■ **Exercise materials**:
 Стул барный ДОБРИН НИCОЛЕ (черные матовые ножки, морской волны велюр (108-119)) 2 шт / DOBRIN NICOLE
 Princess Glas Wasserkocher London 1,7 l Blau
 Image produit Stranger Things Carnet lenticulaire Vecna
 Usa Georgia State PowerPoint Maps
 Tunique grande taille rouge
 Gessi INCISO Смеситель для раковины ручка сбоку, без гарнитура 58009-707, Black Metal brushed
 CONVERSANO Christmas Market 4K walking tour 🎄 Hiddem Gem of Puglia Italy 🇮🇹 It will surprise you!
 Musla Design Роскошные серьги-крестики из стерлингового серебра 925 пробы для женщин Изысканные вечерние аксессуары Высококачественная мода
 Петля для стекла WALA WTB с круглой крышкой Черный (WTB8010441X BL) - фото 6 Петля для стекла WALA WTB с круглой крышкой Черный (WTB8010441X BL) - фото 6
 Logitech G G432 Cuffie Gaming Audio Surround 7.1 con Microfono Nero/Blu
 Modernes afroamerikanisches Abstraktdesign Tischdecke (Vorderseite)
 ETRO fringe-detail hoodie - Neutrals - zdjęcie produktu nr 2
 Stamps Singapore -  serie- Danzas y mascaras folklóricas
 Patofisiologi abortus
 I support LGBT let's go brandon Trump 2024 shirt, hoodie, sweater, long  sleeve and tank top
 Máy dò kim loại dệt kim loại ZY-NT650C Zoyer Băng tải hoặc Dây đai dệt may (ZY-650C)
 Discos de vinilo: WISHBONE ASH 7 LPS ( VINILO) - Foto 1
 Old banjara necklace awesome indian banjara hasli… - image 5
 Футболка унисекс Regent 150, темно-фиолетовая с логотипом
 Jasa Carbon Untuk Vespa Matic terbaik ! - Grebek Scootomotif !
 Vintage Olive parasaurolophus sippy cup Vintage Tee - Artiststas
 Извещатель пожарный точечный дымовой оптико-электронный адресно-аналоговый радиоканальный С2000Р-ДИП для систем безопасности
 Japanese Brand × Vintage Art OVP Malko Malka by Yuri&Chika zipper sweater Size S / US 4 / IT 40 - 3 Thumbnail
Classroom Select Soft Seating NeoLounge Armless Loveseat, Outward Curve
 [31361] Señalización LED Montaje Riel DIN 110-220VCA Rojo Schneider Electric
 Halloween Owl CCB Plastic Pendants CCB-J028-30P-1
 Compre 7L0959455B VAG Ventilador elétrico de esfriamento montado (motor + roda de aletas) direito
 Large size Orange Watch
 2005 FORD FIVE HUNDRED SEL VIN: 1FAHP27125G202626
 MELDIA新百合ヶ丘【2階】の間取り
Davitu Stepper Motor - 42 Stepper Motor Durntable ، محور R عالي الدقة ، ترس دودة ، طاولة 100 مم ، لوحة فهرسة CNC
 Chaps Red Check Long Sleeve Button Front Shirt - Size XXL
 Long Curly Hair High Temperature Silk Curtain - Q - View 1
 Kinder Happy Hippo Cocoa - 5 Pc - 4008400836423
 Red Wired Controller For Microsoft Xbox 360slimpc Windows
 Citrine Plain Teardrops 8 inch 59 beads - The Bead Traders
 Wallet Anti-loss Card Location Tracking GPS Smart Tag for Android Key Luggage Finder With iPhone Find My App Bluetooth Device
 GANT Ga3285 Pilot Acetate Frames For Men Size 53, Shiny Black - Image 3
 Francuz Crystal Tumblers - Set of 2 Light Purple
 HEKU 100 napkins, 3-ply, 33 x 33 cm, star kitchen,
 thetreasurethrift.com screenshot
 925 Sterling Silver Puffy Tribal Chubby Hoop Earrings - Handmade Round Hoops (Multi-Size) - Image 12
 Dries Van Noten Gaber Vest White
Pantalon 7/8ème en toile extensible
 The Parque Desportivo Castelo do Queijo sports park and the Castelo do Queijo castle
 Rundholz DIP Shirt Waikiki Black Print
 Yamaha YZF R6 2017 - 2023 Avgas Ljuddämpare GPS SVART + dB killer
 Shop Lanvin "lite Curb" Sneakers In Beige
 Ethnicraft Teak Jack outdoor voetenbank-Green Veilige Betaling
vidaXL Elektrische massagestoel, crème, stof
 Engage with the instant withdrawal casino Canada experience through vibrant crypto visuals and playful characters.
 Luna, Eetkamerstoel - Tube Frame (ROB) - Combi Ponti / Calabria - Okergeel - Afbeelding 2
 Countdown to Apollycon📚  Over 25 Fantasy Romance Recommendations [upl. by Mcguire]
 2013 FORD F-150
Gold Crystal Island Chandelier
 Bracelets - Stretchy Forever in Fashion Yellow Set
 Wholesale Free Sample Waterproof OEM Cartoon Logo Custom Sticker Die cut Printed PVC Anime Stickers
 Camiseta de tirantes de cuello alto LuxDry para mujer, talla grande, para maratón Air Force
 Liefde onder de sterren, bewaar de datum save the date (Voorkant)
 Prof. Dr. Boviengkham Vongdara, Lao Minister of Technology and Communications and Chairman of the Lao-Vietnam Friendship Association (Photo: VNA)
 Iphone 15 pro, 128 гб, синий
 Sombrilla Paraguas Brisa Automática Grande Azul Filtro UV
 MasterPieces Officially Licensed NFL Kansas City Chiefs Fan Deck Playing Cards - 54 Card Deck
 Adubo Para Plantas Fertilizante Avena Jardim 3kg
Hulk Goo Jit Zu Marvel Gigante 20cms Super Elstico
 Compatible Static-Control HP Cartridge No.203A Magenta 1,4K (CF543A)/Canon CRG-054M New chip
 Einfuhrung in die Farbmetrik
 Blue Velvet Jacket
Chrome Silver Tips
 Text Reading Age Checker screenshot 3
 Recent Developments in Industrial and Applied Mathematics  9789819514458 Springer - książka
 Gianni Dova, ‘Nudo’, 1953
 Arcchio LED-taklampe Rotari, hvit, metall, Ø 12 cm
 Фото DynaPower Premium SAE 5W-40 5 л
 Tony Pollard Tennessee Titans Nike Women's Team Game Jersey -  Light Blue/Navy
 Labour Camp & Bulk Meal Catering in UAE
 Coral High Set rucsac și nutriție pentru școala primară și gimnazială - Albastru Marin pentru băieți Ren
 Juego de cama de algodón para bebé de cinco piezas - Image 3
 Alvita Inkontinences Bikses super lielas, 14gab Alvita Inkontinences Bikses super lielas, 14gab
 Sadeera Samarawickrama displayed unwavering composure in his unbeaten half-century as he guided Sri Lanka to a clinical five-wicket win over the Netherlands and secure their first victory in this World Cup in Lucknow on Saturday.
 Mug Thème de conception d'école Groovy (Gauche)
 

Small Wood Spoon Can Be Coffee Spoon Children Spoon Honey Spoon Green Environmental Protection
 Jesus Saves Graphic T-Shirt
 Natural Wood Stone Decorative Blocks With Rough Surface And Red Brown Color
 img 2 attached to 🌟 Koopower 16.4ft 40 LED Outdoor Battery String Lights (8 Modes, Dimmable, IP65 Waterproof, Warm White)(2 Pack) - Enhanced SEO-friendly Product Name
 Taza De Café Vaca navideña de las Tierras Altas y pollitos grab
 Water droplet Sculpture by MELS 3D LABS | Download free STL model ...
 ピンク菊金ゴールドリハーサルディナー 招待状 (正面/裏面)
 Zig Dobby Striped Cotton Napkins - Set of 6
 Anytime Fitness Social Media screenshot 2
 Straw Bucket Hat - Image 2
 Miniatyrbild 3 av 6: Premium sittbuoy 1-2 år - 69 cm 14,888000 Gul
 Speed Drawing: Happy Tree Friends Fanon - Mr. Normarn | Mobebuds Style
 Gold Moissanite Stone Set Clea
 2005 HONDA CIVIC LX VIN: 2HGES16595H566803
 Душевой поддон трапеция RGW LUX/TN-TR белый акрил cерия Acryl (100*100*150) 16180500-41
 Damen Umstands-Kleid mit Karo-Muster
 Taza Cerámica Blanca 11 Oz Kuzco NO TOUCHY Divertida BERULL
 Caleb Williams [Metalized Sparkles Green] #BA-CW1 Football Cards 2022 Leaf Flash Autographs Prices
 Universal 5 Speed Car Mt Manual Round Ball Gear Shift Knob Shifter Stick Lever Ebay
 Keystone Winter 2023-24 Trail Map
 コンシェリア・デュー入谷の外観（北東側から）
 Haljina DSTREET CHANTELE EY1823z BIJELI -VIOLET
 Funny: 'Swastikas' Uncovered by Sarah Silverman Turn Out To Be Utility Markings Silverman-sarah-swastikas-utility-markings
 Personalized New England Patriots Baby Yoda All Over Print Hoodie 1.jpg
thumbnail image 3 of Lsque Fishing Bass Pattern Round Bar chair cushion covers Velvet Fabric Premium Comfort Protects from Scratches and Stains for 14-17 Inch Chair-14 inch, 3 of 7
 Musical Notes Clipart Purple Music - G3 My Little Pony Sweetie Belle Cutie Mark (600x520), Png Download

■ **Task details**: Given the records above, restate word for word only the lines starting at the one with "Red Wired Controller" and ending at the one with "Chrome Silver Tips".

■ **Task response**:
 Red Wired Controller For Microsoft Xbox 360slimpc Windows
 Citrine Plain Teardrops 8 inch 59 beads - The Bead Traders
 Wallet Anti-loss Card Location Tracking GPS Smart Tag for Android Key Luggage Finder With iPhone Find My App Bluetooth Device
 GANT Ga3285 Pilot Acetate Frames For Men Size 53, Shiny Black - Image 3
 Francuz Crystal Tumblers - Set of 2 Light Purple
 HEKU 100 napkins, 3-ply, 33 x 33 cm, star kitchen,
 thetreasurethrift.com screenshot
 925 Sterling Silver Puffy Tribal Chubby Hoop Earrings - Handmade Round Hoops (Multi-Size) - Image 12
 Dries Van Noten Gaber Vest White
Pantalon 7/8ème en toile extensible
 The Parque Desportivo Castelo do Queijo sports park and the Castelo do Queijo castle
 Rundholz DIP Shirt Waikiki Black Print
 Yamaha YZF R6 2017 - 2023 Avgas Ljuddämpare GPS SVART + dB killer
 Shop Lanvin "lite Curb" Sneakers In Beige
 Ethnicraft Teak Jack outdoor voetenbank-Green Veilige Betaling
vidaXL Elektrische massagestoel, crème, stof
 Engage with the instant withdrawal casino Canada experience through vibrant crypto visuals and playful characters.
 Luna, Eetkamerstoel - Tube Frame (ROB) - Combi Ponti / Calabria - Okergeel - Afbeelding 2
 Countdown to Apollycon📚  Over 25 Fantasy Romance Recommendations [upl. by Mcguire]
 2013 FORD F-150
Gold Crystal Island Chandelier
 Bracelets - Stretchy Forever in Fashion Yellow Set
 Wholesale Free Sample Waterproof OEM Cartoon Logo Custom Sticker Die cut Printed PVC Anime Stickers
 Camiseta de tirantes de cuello alto LuxDry para mujer, talla grande, para maratón Air Force
 Liefde onder de sterren, bewaar de datum save the date (Voorkant)
 Prof. Dr. Boviengkham Vongdara, Lao Minister of Technology and Communications and Chairman of the Lao-Vietnam Friendship Association (Photo: VNA)
 Iphone 15 pro, 128 гб, синий
 Sombrilla Paraguas Brisa Automática Grande Azul Filtro UV
 MasterPieces Officially Licensed NFL Kansas City Chiefs Fan Deck Playing Cards - 54 Card Deck
 Adubo Para Plantas Fertilizante Avena Jardim 3kg
Hulk Goo Jit Zu Marvel Gigante 20cms Super Elstico
 Compatible Static-Control HP Cartridge No.203A Magenta 1,4K (CF543A)/Canon CRG-054M New chip
 Einfuhrung in die Farbmetrik
 Blue Velvet Jacket
Chrome Silver Tips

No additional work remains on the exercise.